There really isn’t anything like it right now.
Our research data covers more than 1,000 different conditions.
This gives our scientists a unique opportunity to think about how genetics can reshape the translational science needed to move a potential target into the clinic.
Along with using genetic associations to discover new drug targets, we can also use genetics to understand the best path for a target into the clinic. Specifically, we might see a given target has genetic associations with multiple diseases, and we can use that information to decide where the target might be most beneficial for patients. This information might also allow us to see if a potential drug target is more likely to have serious side effects, in which case we could decide to move on from that target.
Combining the genetic data with multiple types of phenotypic data gives us a much deeper understanding of each specific gene and the underlying biology, allowing us to really focus our efforts on the targets with the highest chances of successfully becoming a drug.
Of course, having a genetic association is still a very long way from having a drug! There is a tremendous amount of work to do, and a lot of questions to answer. Even if we find an association, is it in or regulating a gene that we suspect plays a role in the biological mechanism of that disease? Are there experiments we can do to confirm our suspicions? Can the gene in question actually be drugged? Are other groups already working on this gene? What is the unmet medical need in this disease, and do we think drugging this gene would be better than the existing standard of care? We need to answer all of these questions (and many, many more), but by starting with what we believe is the greatest genetic database in the world, we hope that we are able to bring the best opportunities forward in order to help patients in need as quickly as possible.
I came to 23andMe about seven years ago, just as we formed the Therapeutics division. Previously I was an Assistant Professor of Genetics at Albert Einstein College of Medicine in New York City, where I worked on large-scale genetic analyses looking to understand the genetic underpinnings of human disease.

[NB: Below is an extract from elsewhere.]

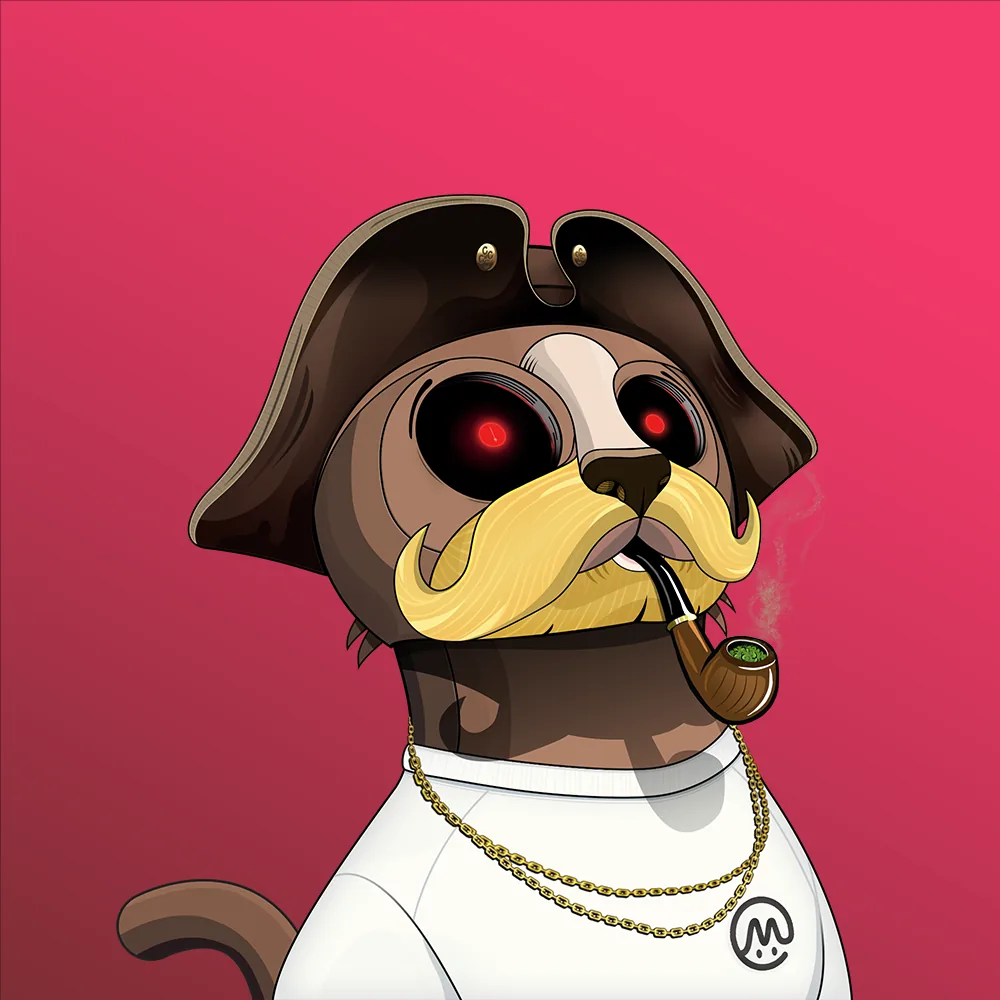 CoinMarketCat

When I joined 23andMe, the database was much smaller, but it was clear that the potential was there. Since then, 23andMe has grown such that instead of seeing handfuls of genetic associations for different diseases, we are now seeing many thousands. Seeing this growth has been tremendously exciting.
This enormous database has allowed us to start more than 40 programs — many of which in collaboration with GSK — to develop targets to potentially treat conditions in oncology, immunology, respiratory and cardiometabolic disease.
What is game-changing about what 23andMe is doing is that we can make novel insights that simply aren’t available anywhere else. It is rewarding to see one of those insights lead to the development of a drug in a phase 1 clinical trial.
Adam Auton is the Vice President of Human Genetics at 23andMe and is responsible for computational approaches to target discovery via statistical genetics and computational biology. Before joining 23andMe, Adam was an assistant professor at Albert Einstein College of Medicine, where his group developed algorithmic approaches for using large-scale genomic data to understand human population genetics. Adam earned his DPhil in statistics from Oxford University, before completing his post-doctoral training at the Wellcome Trust Centre for Human Genetics at Oxford, and Cornell University.